> SOURCE DATA
▽

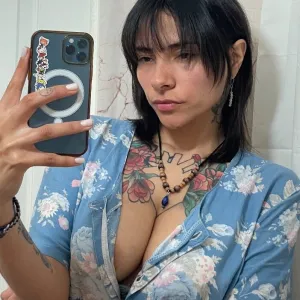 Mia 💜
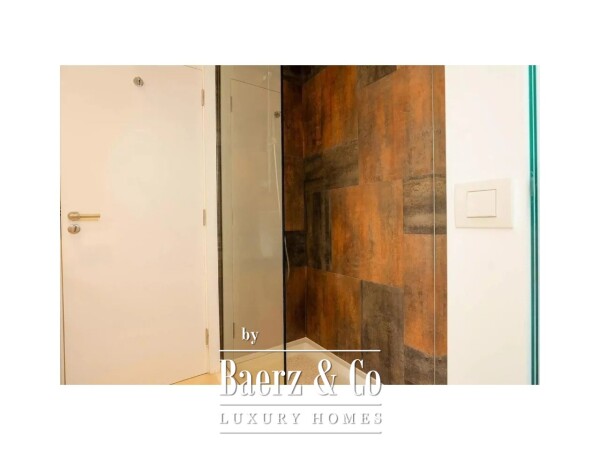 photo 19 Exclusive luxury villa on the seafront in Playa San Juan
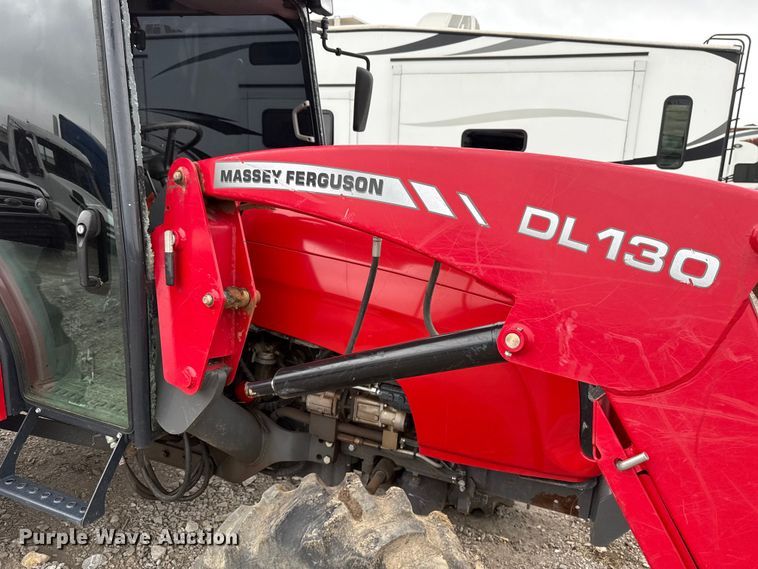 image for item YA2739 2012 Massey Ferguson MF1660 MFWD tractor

△

> WHAT NEEDS TO BE DONE
Drop the pictures; repeat the listing above exactly.

> ANSWER
 Mia 💜
 photo 19 Exclusive luxury villa on the seafront in Playa San Juan
 image for item YA2739 2012 Massey Ferguson MF1660 MFWD tractor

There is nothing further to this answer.